__WORK TASK__.
Starting at the line containing "Two female residents walking outside" and ending at the line containing "People sit on", print every line of the material below exactly, both ends included, and stop there.

__WORKING DATA__.
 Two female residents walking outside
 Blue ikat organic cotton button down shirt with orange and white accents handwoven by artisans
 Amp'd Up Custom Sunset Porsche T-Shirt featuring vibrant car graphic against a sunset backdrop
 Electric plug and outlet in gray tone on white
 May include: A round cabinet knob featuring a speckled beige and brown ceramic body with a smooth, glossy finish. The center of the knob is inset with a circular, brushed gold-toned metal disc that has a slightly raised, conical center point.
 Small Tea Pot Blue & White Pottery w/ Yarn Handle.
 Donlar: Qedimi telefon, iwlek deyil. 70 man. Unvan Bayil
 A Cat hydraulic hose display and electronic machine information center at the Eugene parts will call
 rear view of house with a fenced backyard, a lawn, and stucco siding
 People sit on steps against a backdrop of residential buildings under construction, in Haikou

* * *

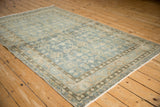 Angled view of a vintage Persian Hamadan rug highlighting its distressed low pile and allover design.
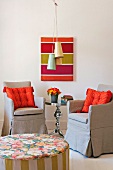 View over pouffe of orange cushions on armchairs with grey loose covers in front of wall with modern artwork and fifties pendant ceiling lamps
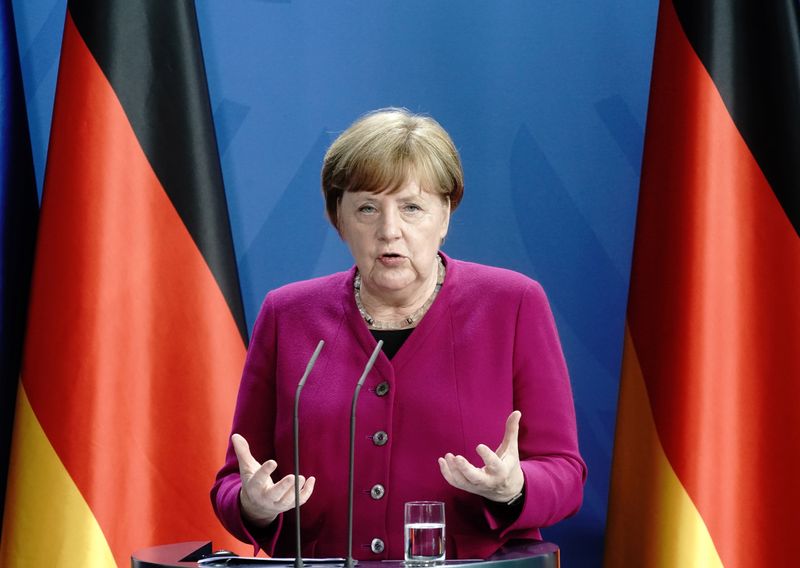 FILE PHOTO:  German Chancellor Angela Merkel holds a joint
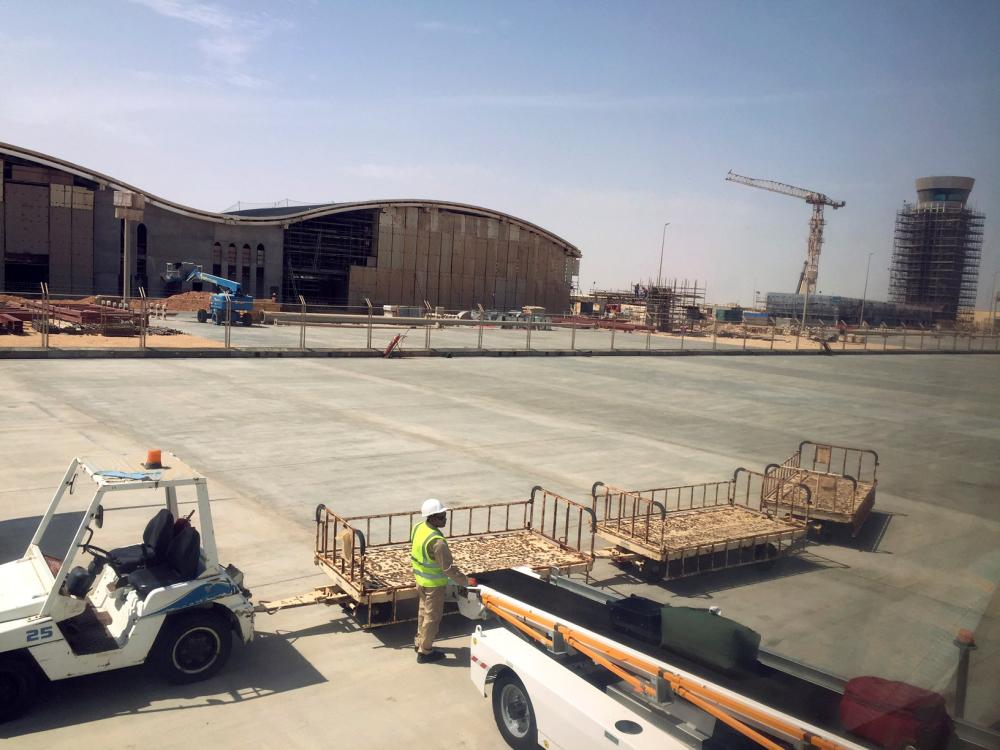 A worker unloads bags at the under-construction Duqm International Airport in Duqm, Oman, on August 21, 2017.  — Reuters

__YOUR RESPONSE__.
 Two female residents walking outside
 Blue ikat organic cotton button down shirt with orange and white accents handwoven by artisans
 Amp'd Up Custom Sunset Porsche T-Shirt featuring vibrant car graphic against a sunset backdrop
 Electric plug and outlet in gray tone on white
 May include: A round cabinet knob featuring a speckled beige and brown ceramic body with a smooth, glossy finish. The center of the knob is inset with a circular, brushed gold-toned metal disc that has a slightly raised, conical center point.
 Small Tea Pot Blue & White Pottery w/ Yarn Handle.
 Donlar: Qedimi telefon, iwlek deyil. 70 man. Unvan Bayil
 A Cat hydraulic hose display and electronic machine information center at the Eugene parts will call
 rear view of house with a fenced backyard, a lawn, and stucco siding
 People sit on steps against a backdrop of residential buildings under construction, in Haikou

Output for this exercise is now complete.